**What to produce**
Nothing should appear in the answer except the lines below from the line containing "Newborn baby right after delivery" through the line containing "buikwandcorrectie of abdominoplastie", copied exactly, with pictures left out.

**Records for this task**

◇ ◇ ◇ ◇

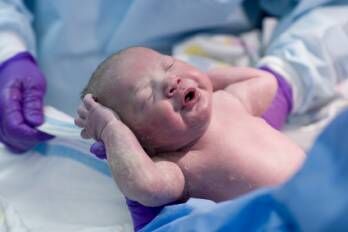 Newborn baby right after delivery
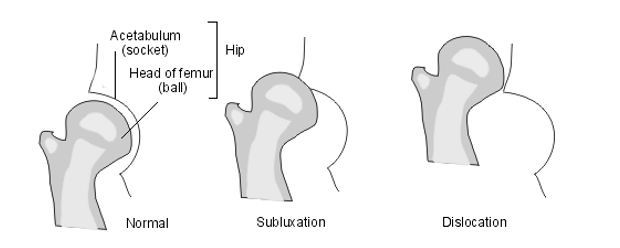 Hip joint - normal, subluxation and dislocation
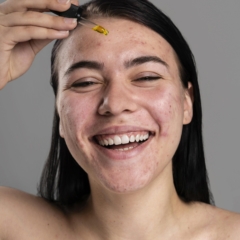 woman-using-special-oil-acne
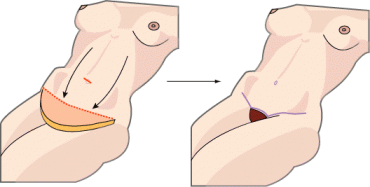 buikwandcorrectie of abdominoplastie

◇ ◇ ◇ ◇

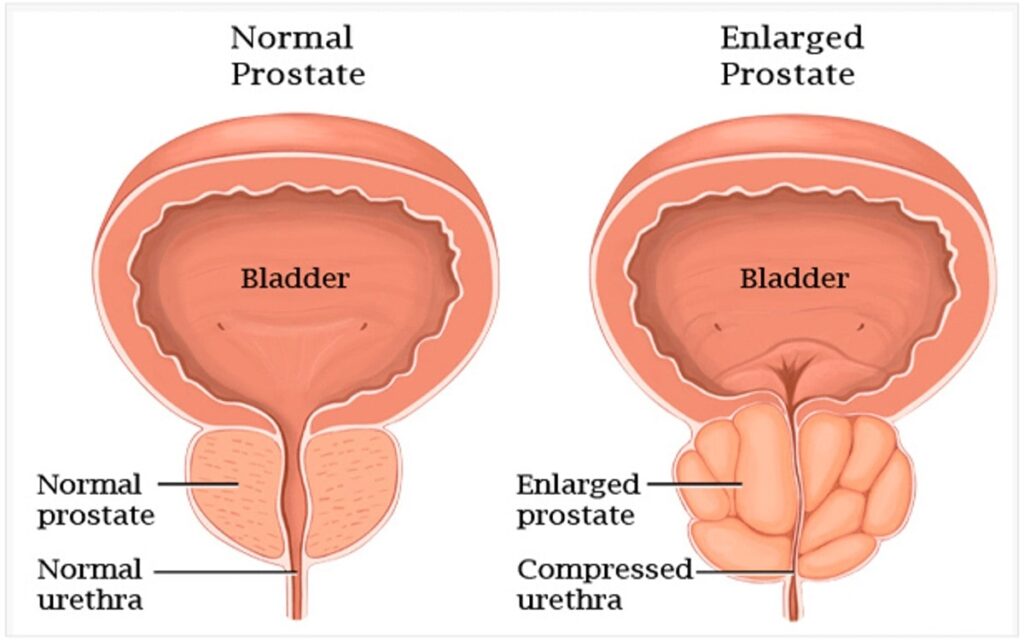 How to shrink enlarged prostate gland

◇ ◇ ◇ ◇

**Output of the task**
 Newborn baby right after delivery
 Hip joint - normal, subluxation and dislocation
 woman-using-special-oil-acne
 buikwandcorrectie of abdominoplastie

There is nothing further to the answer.